EXERCISE AIM → The full listing is to be returned exactly as given, but without pictures.

DATASET EXCERPTS →

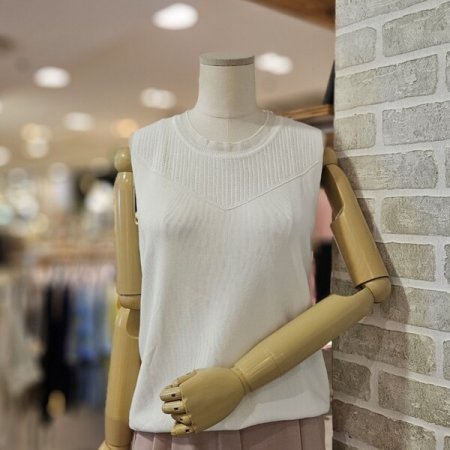 넥 포인트 썸머 슬리브리스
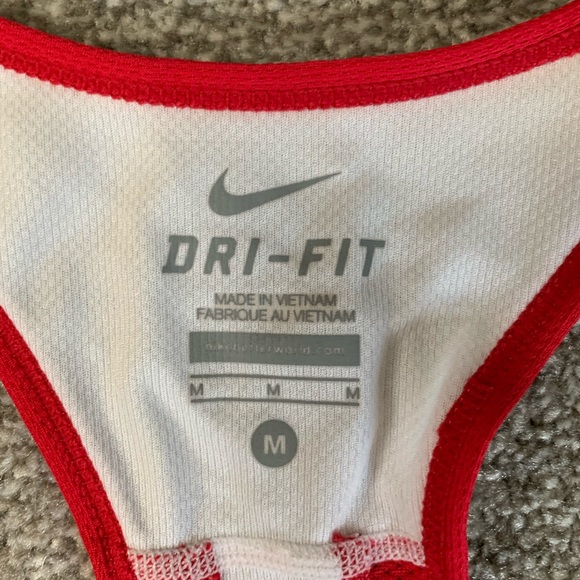 Nike Dri-fit Racerback Coral Athletic Top - Picture 4 of 8
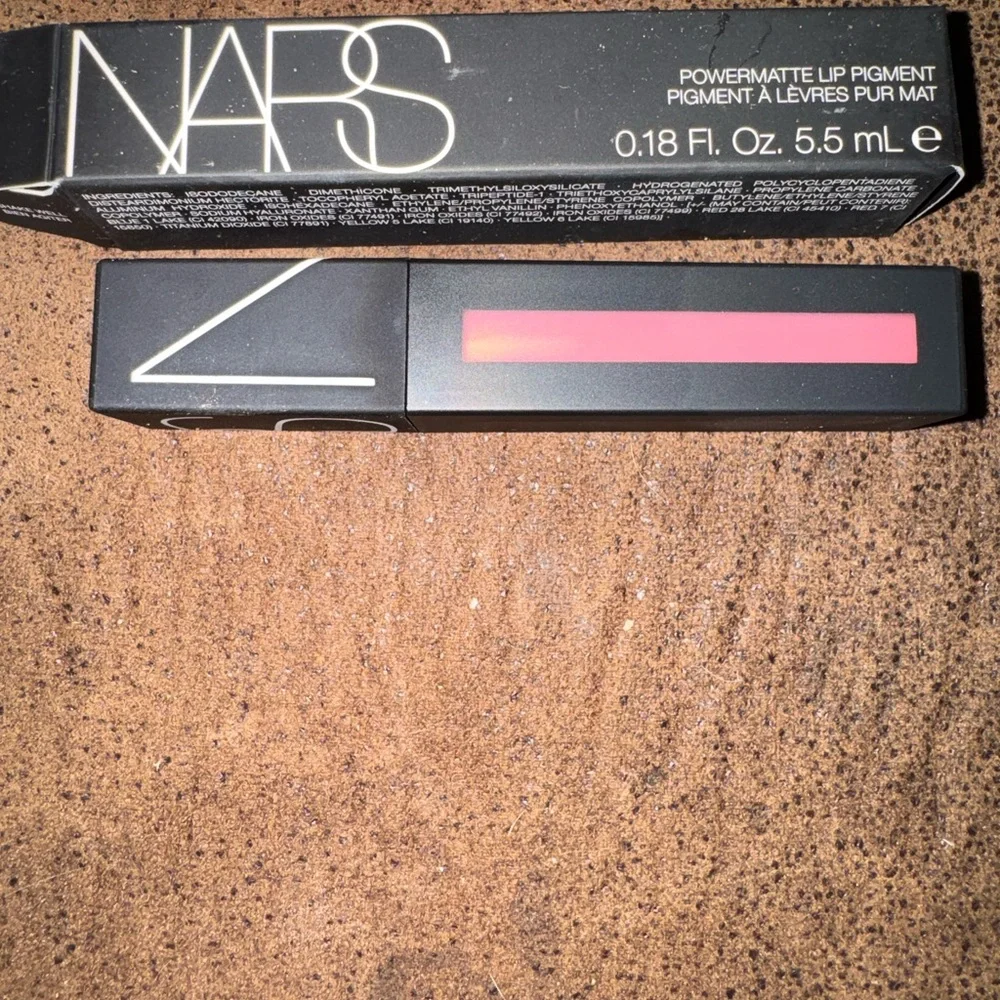 Urban Decay light beige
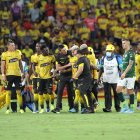 Byron Castillo se retira lesionado de la cancha, tras sufrir un fuerte golpe en la cabeza.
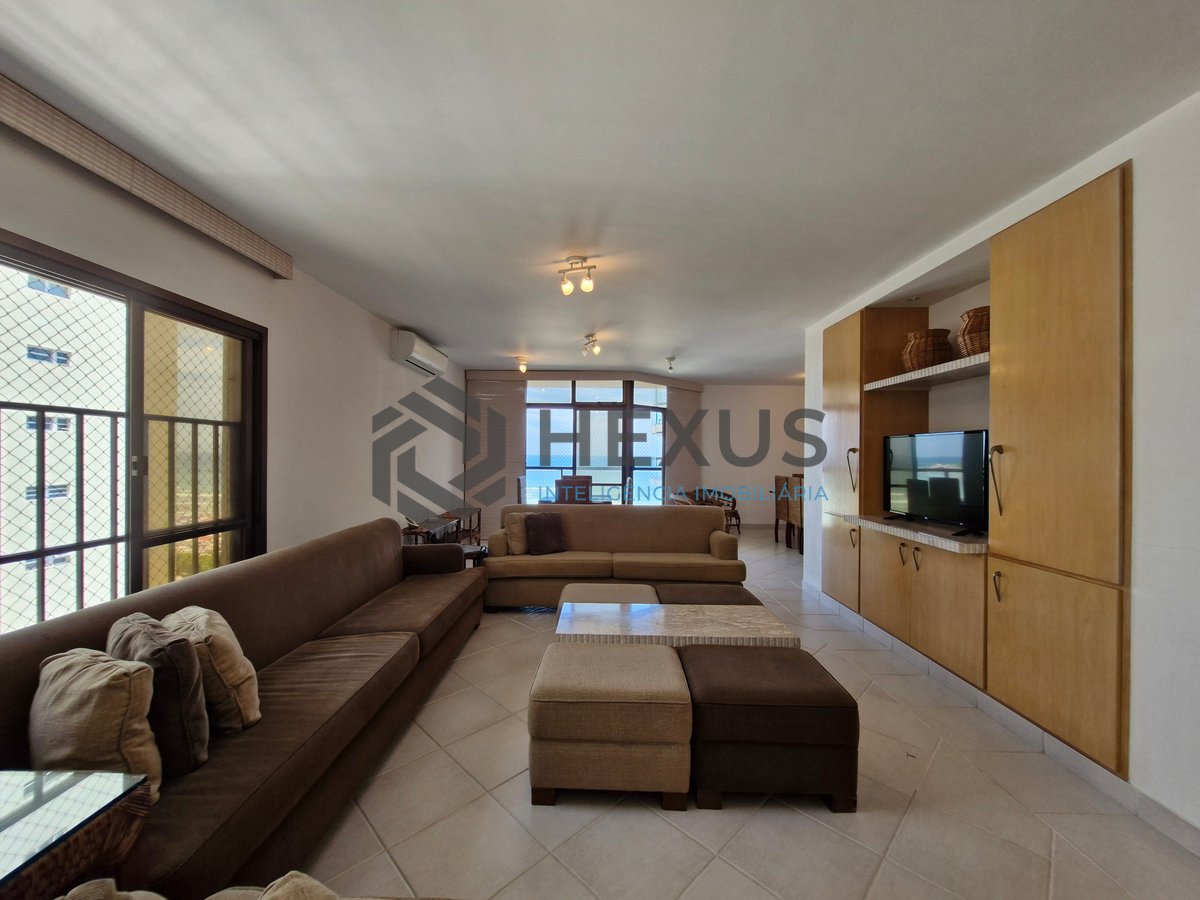Foto 2 de Apartamento reformado frente mar com varanda e lazer na Praia das Pitangueiras, Guaruja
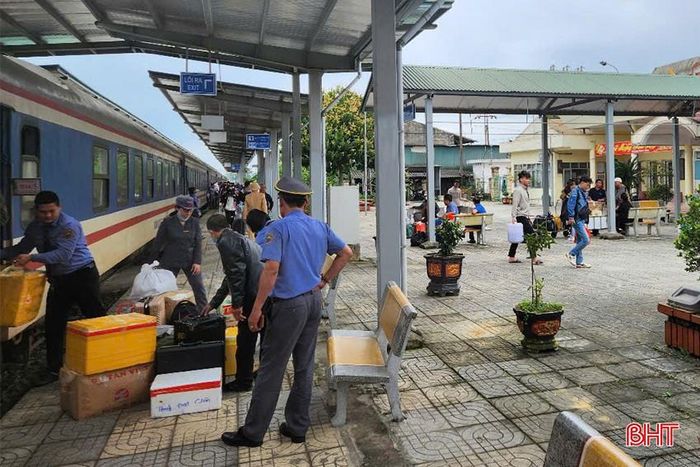  Ngành đường sắt thuê ô tô chuyển tải hành khách giữa ga Yên Trung và ga Thanh Luyện để kịp hành trình. 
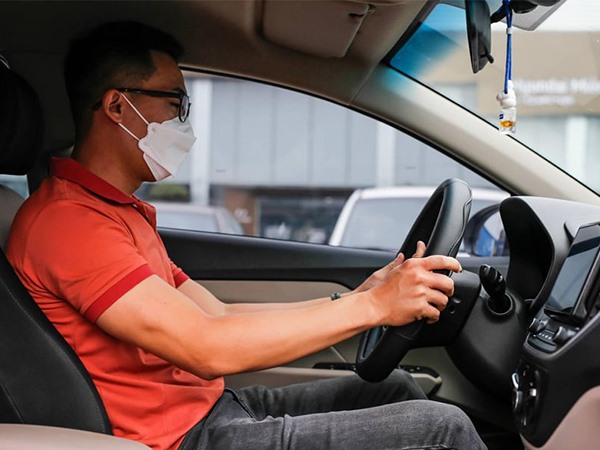 Nằm mơ thấy mình lái xe ô tô màu trắng, màu đen là điềm gì?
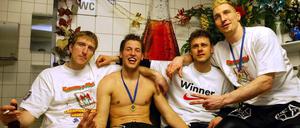 Das waren noch Zeiten. Stefan Kretzschmar (rechts) und Bennet Wiegert (Zweiter von links) nach einem Titelerfolg mit dem SC Magdeburg. Am Sonntag treffen sich die beiden erneut - Kretzschmar als Sportdirektor der Füchse, Wiegert als Trainer des SCM.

OUTPUT OF THE EXERCISE →
 넥 포인트 썸머 슬리브리스
 Nike Dri-fit Racerback Coral Athletic Top - Picture 4 of 8
 Urban Decay light beige
 Byron Castillo se retira lesionado de la cancha, tras sufrir un fuerte golpe en la cabeza.
Foto 2 de Apartamento reformado frente mar com varanda e lazer na Praia das Pitangueiras, Guaruja
  Ngành đường sắt thuê ô tô chuyển tải hành khách giữa ga Yên Trung và ga Thanh Luyện để kịp hành trình. 
 Nằm mơ thấy mình lái xe ô tô màu trắng, màu đen là điềm gì?
 Das waren noch Zeiten. Stefan Kretzschmar (rechts) und Bennet Wiegert (Zweiter von links) nach einem Titelerfolg mit dem SC Magdeburg. Am Sonntag treffen sich die beiden erneut - Kretzschmar als Sportdirektor der Füchse, Wiegert als Trainer des SCM.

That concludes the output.